Por libertad entendemos el poder humano radicado en su inteligencia y en su voluntad, de obrar o de no obrar, de hacer esto o aquello… En una palabra, libertad es la capacidad de ejecutar por sí mismo acciones deliberadas. De parte de Dios, la libertad en el hombre es fuerza de crecimiento y de maduración en la verdad y en la bondad.
Estimada Rosario, al empezar estos apuntes, afirmaba que estamos frente a dos verdades incuestionables: el señorío de Dios creador y la libertad humana. Sin embargo, no es nada fácil establecer cómo las dos verdades se conjuguen, y cómo ellas puedan concurrir hacia un mismo efecto o un mismo resultado. Concretamente: la hora de nuestra muerte, ¿ha sido establecida por Dios o hasta qué punto Dios ha querido dejarla al juego impredecible de las causas segundas? Y al respecto, no hay que confundir predicción con predeterminación y, entonces, que Dios prevea con absoluta certeza la hora de nuestra muerte, no significa que Él la haya predeterminado. La hora de nuestra muerte, entonces, es un ejemplo, pero el problema se refiere a muchos más casos.
Hay, sin embargo, una gran luz que nos viene de la Sagrada Escritura: “Dios, aún interviniendo en todas las cosas para el bien de los que le aman” (Rom 8, 28), sabemos que Él ha creado el mundo con sus leyes y que con ellas el mundo se rige de modo “autónomo”, es decir, bastándose a sí mismo. Si ahora aplicamos este principio al ejercicio de nuestra libertad, contestamos a su pregunta, estimada Rosario, afirmando que la muerte por accidente, por descuido en el manejo, por falla en los frenos, por conducir con alcohol… ciertamente no son “cosas” que Dios quiera, en absoluto, aunque Él, en el respeto de nuestra libertad, las permita… No es entonces incorrecto afirmar que aún no había llegado la hora de la muerte por accidente. Una vez más, que Dios lo “previera”, no significa que lo predeterminara, como en el caso ya citado de Judas: Jesús sabía que Judas iba madurando la decisión de entregarlo, pero en absoluto “determinó” que lo traicionara.

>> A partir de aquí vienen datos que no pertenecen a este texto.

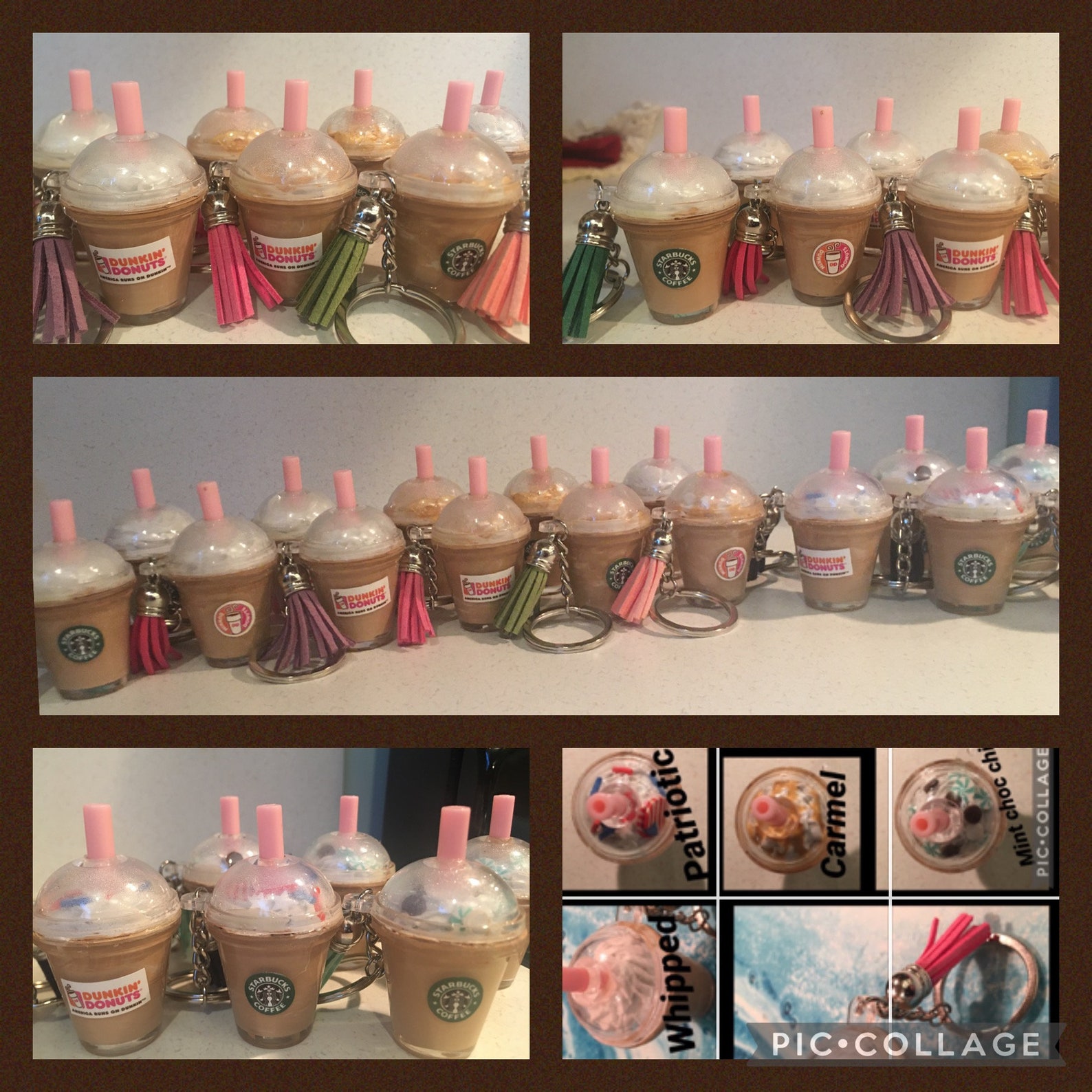 Starbucks keychain Dunkin Donuts keychain coffee keychain Etsy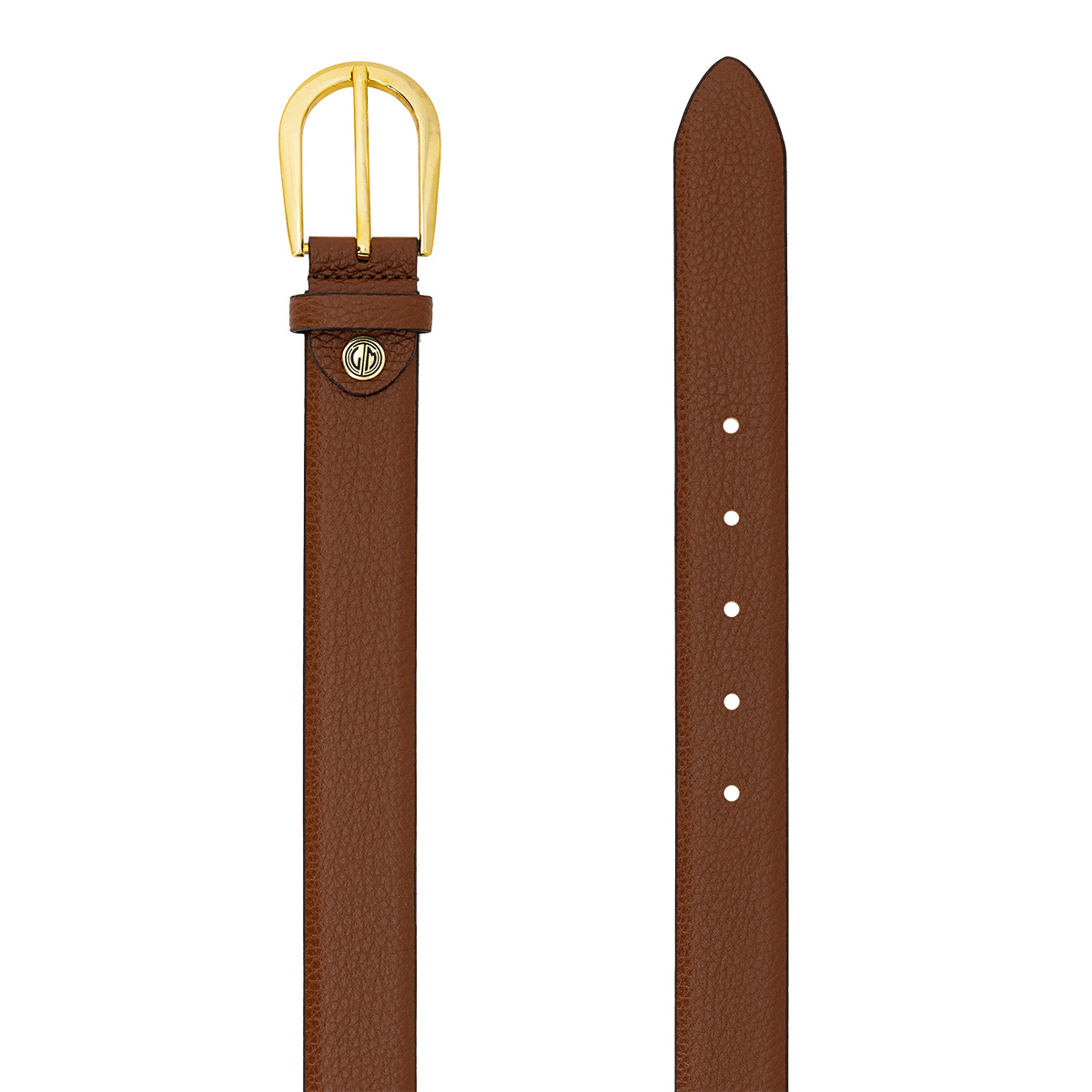 Gürtel, Braun, Leder, Glänzend, Gürtelschnalle, LINDENMANN Damen Vollrindledergürtel aus 100% Echtleder cognac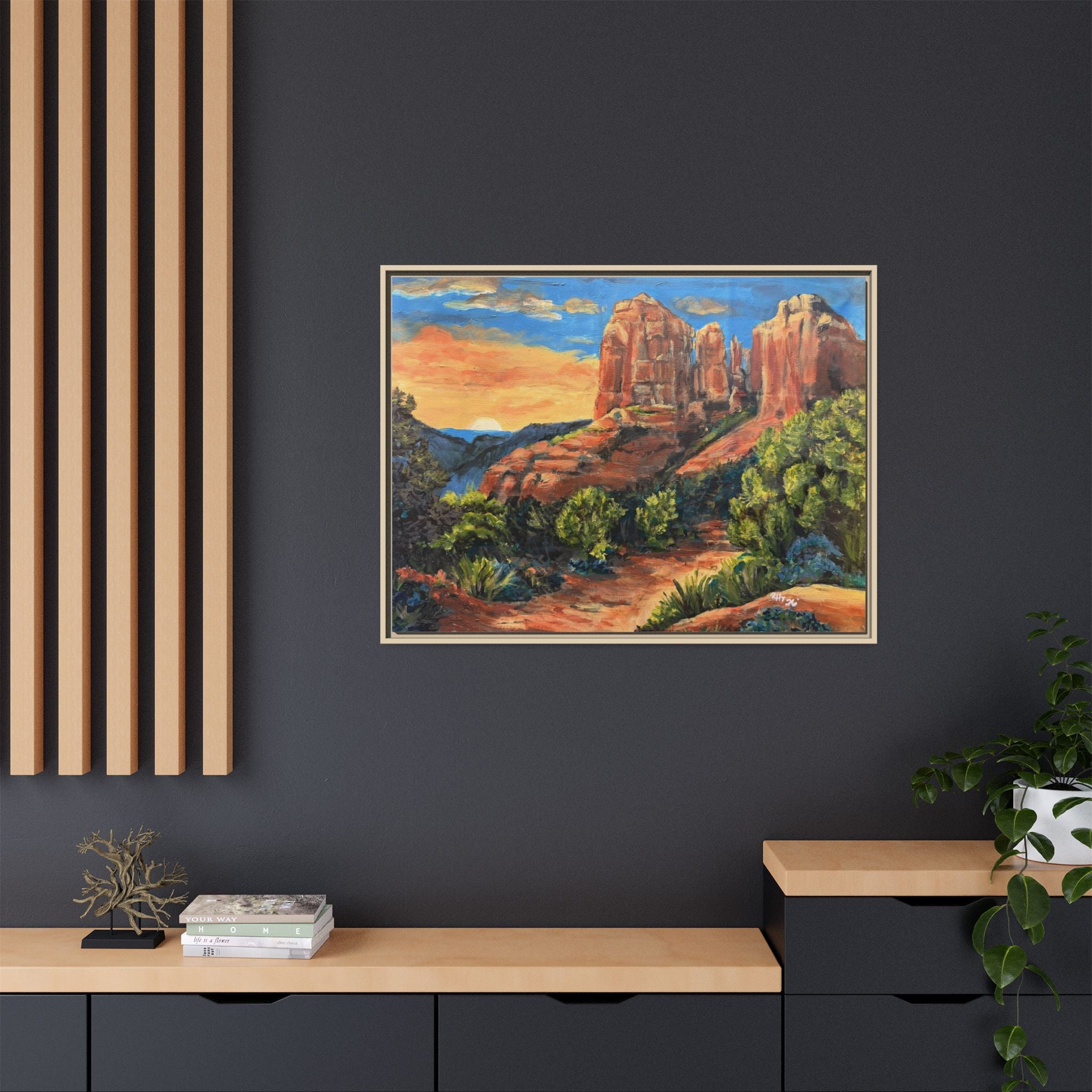 Framed Matte Canvas Desert Path Landscape Wall Art Print of Original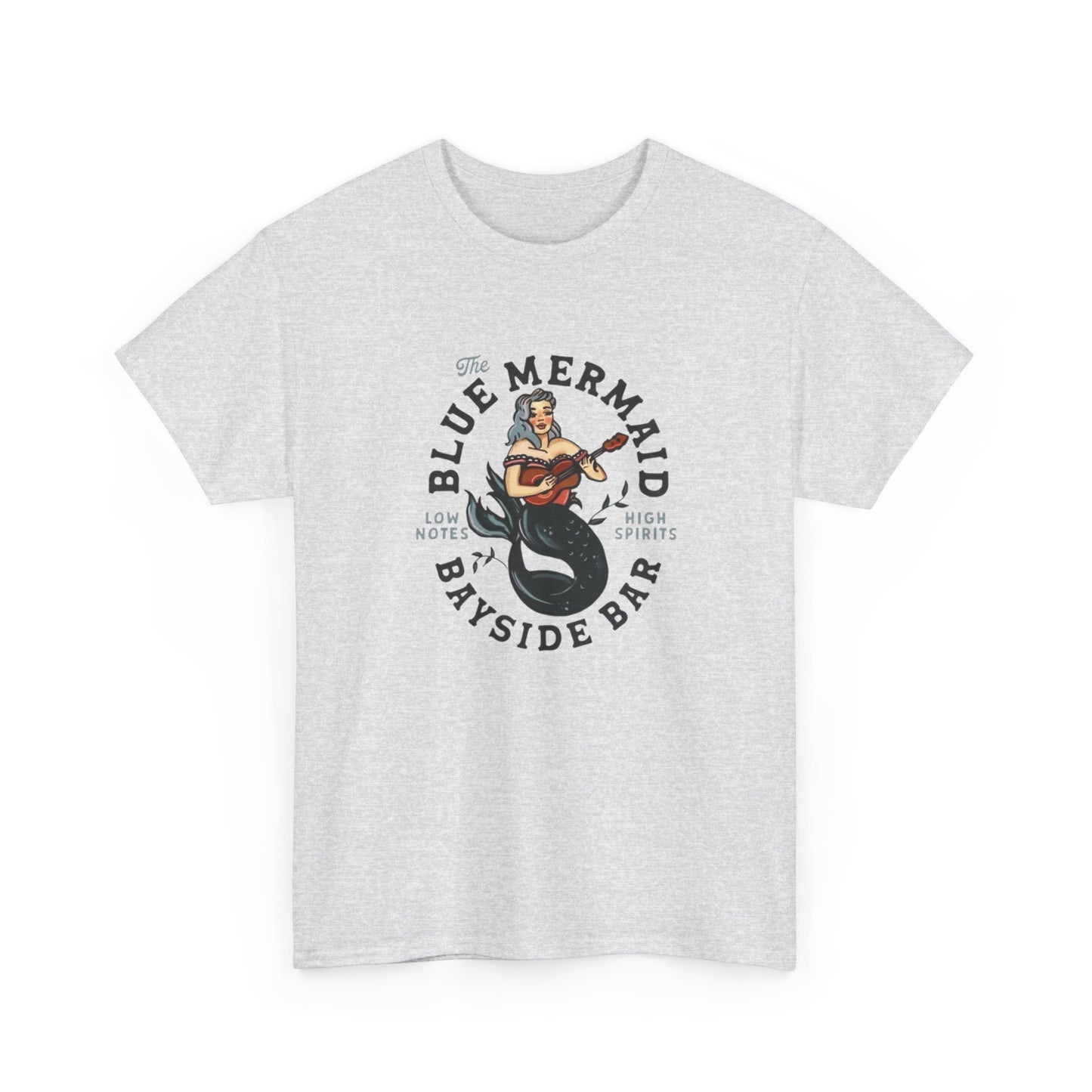 Blue Mermaid Bayside Bar Retro Graphic T Shirt Unisex Heavy Cotton Tee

Espontáneamente, estimada Rosario y lectores del Eco, consciente de que nos encontramos frente a los profundos misterios de la libertad humana y del señorío de Dios, con humildad y confianza, repetimos la súplica que Jesús nos enseñó: “¡Padre, hágase tu voluntad en la tierra como en el cielo!... No cabe duda, la tierra sería un trozo de cielo si en ella se cumpliera la voluntad de Dios.